Cathedral of the Risen Christ
May 24, 2019
Bishop James D. Conley
Bishop Finn, my brother priests, deacons, consecrated religious, seminarians, families of our ordinandi, dear brothers and sisters in Christ -- welcome to the Cathedral of the Risen Christ.
We are gathered here this evening to pray for these five men before you: these sons, brothers, and friends, who will in a few moments receive the Sacrament of Holy Orders through the laying on of hands and the prayer of ordination. They are to be ordained deacons of the Church, the first of the three degrees of Holy Orders, the others being priesthood and the episcopate.
In our second reading today taken from the 6th Chapter of the Acts of the Apostles, we learn that in the early Church, as the numbers began to grow rapidly, the twelve apostles summoned the body of disciples together and said: “It is not right that we should give up preaching the word of God to serve tables. Therefore, brethren, pick out from among you seven men of good repute, full of the Spirit and of wisdom, whom we may appoint to this duty. But we will devote ourselves to prayer and to the ministry of the word.” And so the first deacons were ordained.

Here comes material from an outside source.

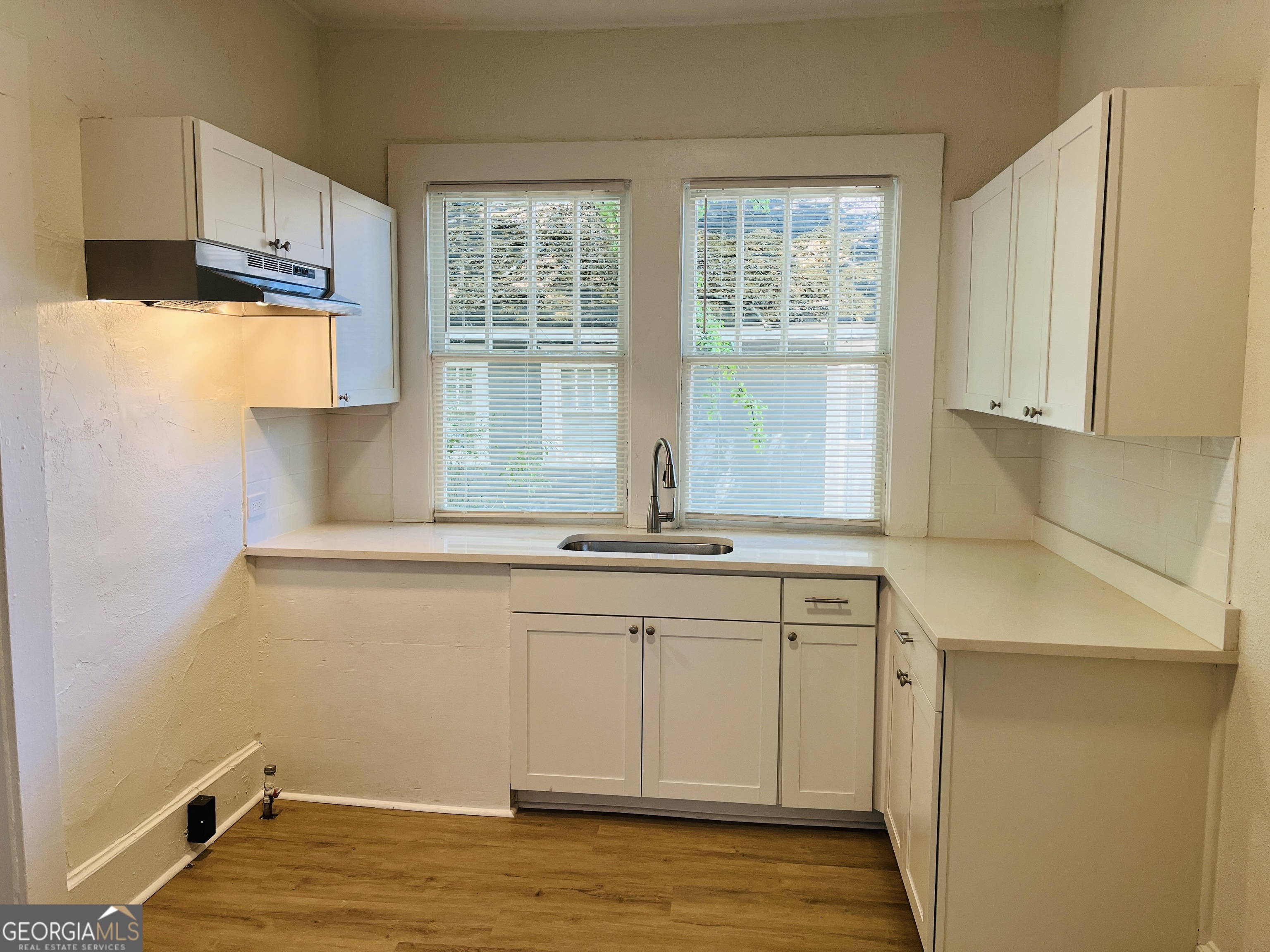 410 Alford Street Property Photo 8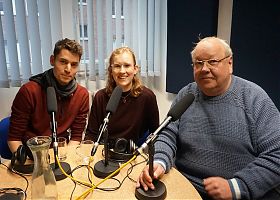 Steffen Lambrecht und Mali Grab mit Gotwin Elges bei einer ihrer gemeinsamen Sendungen von "Radio for Future" (Archivbild: Klaus Blödow)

It might appear, at first glance, that the first deacons were ordained exclusively to perform the corporal works of mercy – serving the tables – which is to say, feeding the hungry and distributing alms to the poor and looking after the widows & orphans – while the order of priesthood was reserved more to the spiritual works of mercy.
But the love of God and the love of neighbor can never separated. The charity we extend to our neighbor is infused and inflamed by our love of God. And it is because of our faith, that we go out of ourselves and extend the love of God to our neighbor and to those who are in need. St. James reminds us that “faith by itself, if it has no works, is dead.”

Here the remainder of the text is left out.